Could you restate word for word only the lines below from the one holding "Familie mit Kindern" to the one holding "Appartamento bilocale in", inclusive, and leave out the pictures?

##### Records for the task

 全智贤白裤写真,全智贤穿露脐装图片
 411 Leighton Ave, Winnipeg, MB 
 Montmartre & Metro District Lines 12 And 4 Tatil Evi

##########
##### Records for the task

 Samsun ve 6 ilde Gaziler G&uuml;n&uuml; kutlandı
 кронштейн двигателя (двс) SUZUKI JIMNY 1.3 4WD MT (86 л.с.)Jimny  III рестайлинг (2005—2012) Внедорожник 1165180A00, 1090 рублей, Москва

##########
##### Records for the task

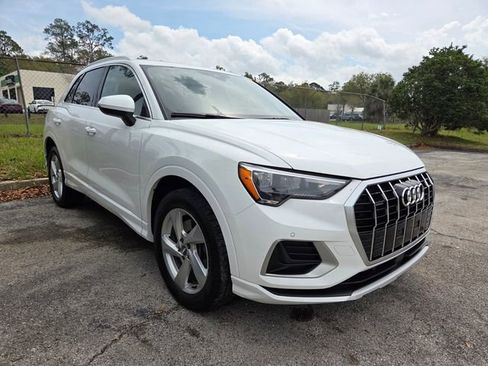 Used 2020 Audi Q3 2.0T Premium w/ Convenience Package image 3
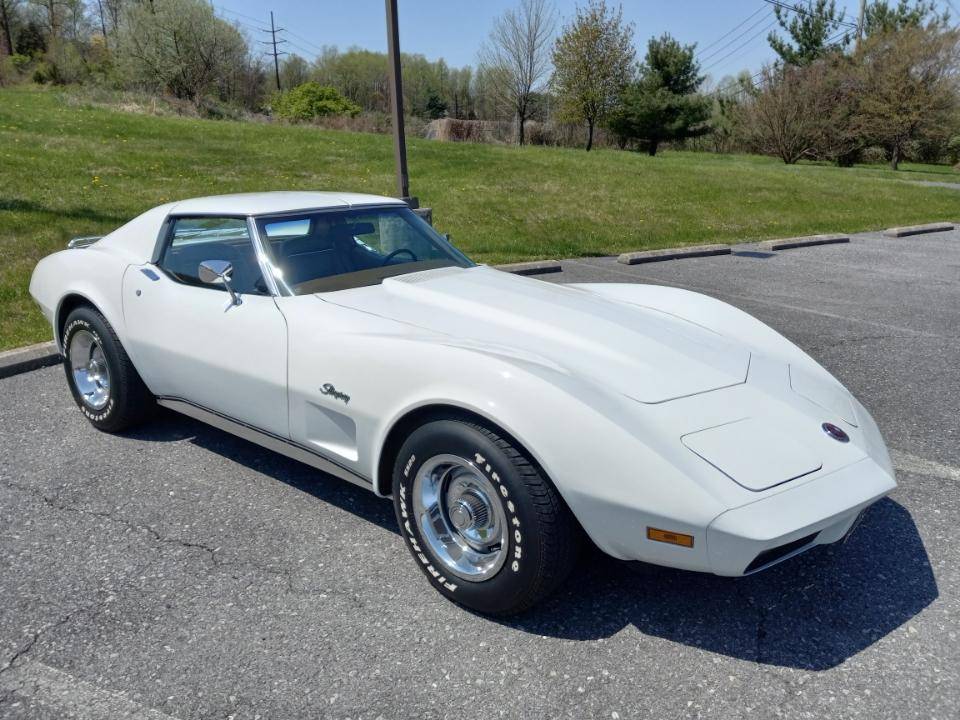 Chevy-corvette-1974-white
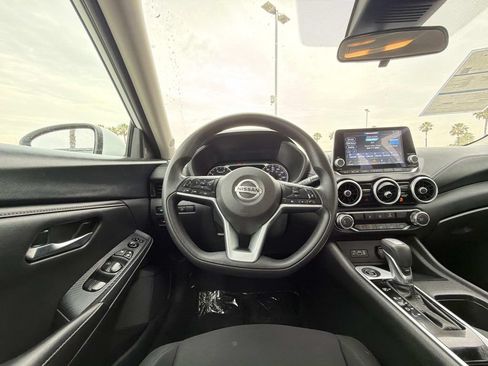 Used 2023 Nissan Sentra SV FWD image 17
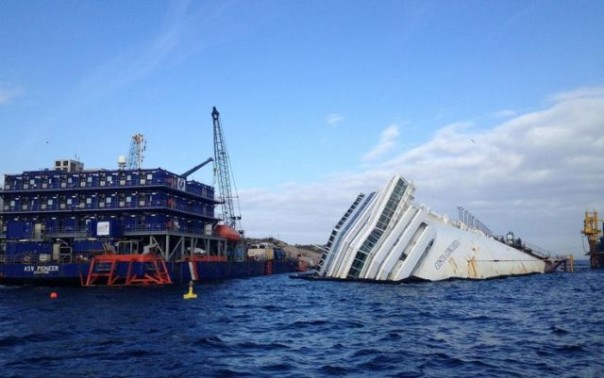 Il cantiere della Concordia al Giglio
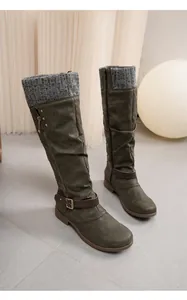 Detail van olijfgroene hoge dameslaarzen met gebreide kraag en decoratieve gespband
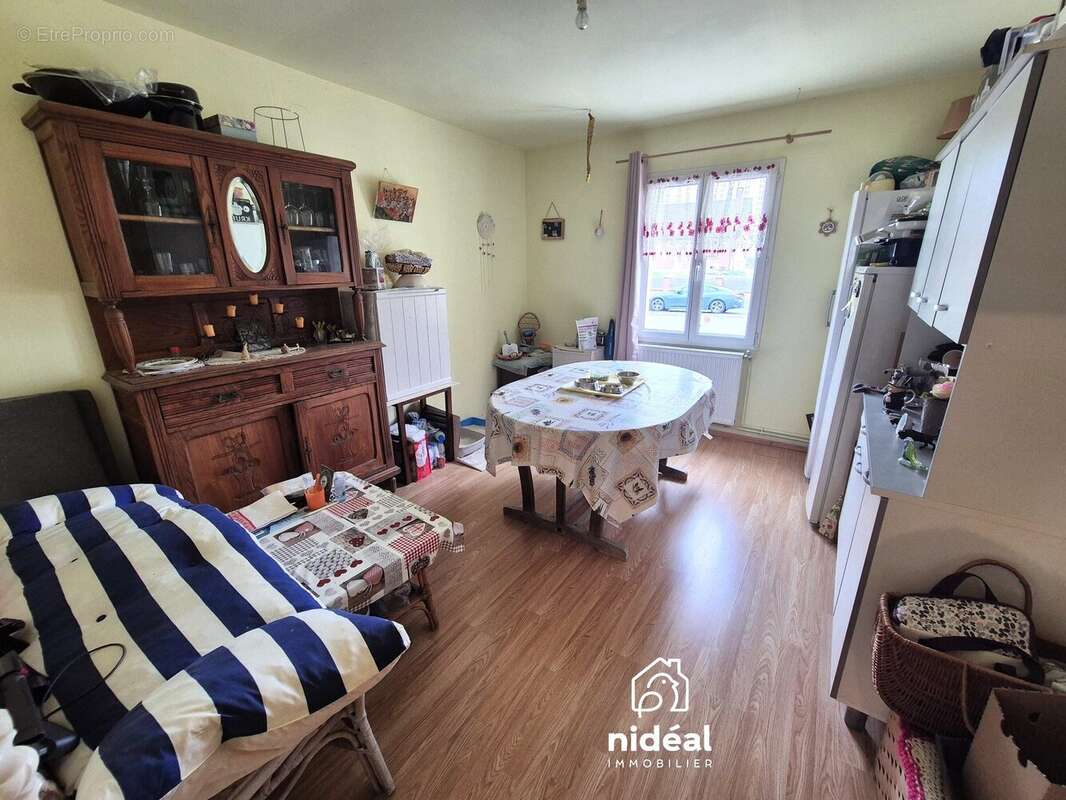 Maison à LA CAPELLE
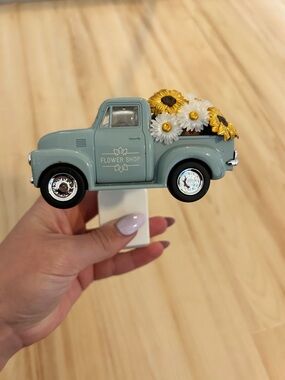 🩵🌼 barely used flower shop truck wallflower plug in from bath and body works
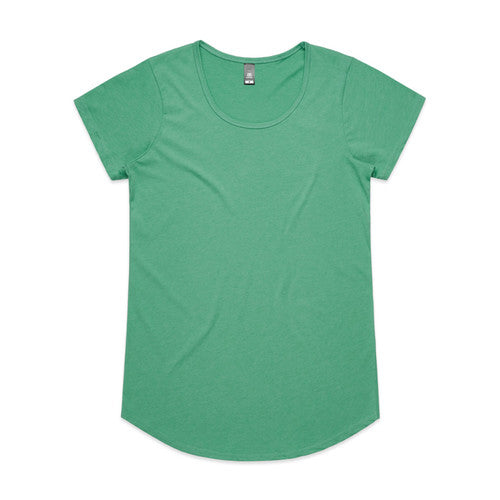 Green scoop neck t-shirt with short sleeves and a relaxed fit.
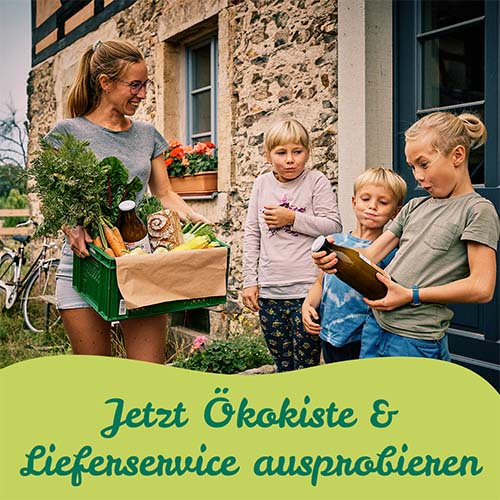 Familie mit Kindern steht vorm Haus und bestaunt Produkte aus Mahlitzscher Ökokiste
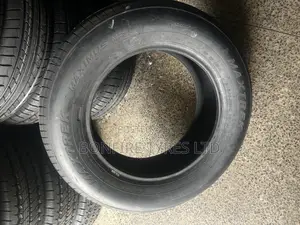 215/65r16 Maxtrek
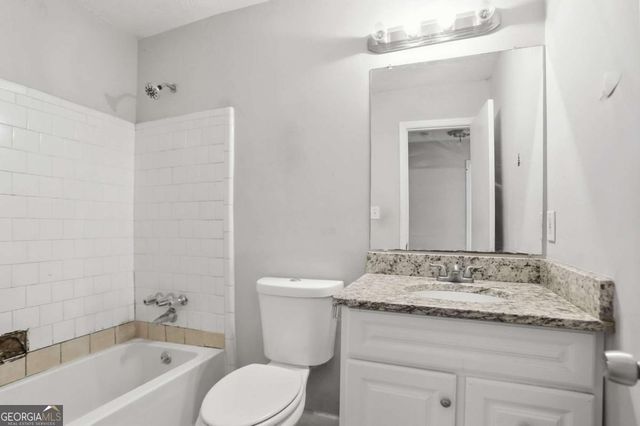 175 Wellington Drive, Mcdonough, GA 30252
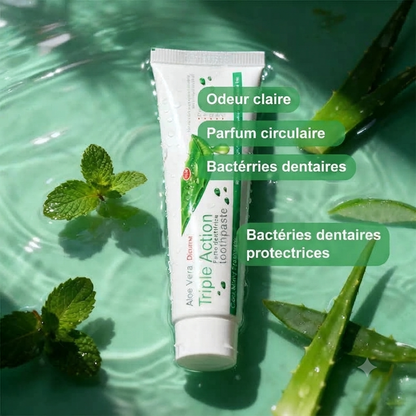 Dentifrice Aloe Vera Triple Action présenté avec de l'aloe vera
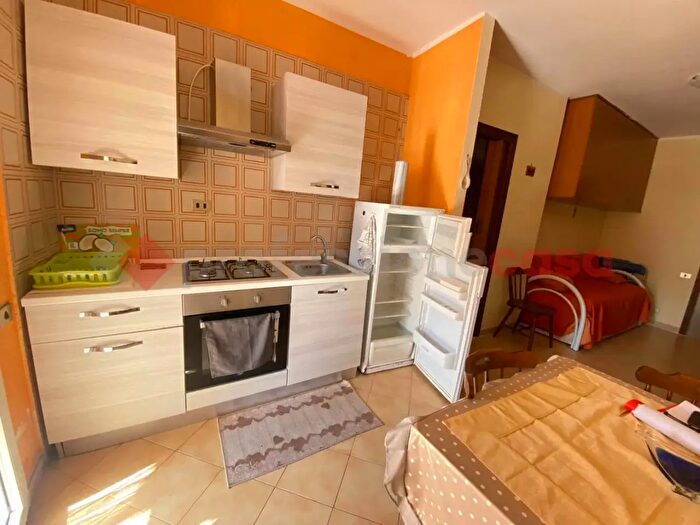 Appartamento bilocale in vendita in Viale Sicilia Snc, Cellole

##########

Solved problem -
 Familie mit Kindern steht vorm Haus und bestaunt Produkte aus Mahlitzscher Ökokiste
 215/65r16 Maxtrek
 175 Wellington Drive, Mcdonough, GA 30252
 Dentifrice Aloe Vera Triple Action présenté avec de l'aloe vera
 Appartamento bilocale in vendita in Viale Sicilia Snc, Cellole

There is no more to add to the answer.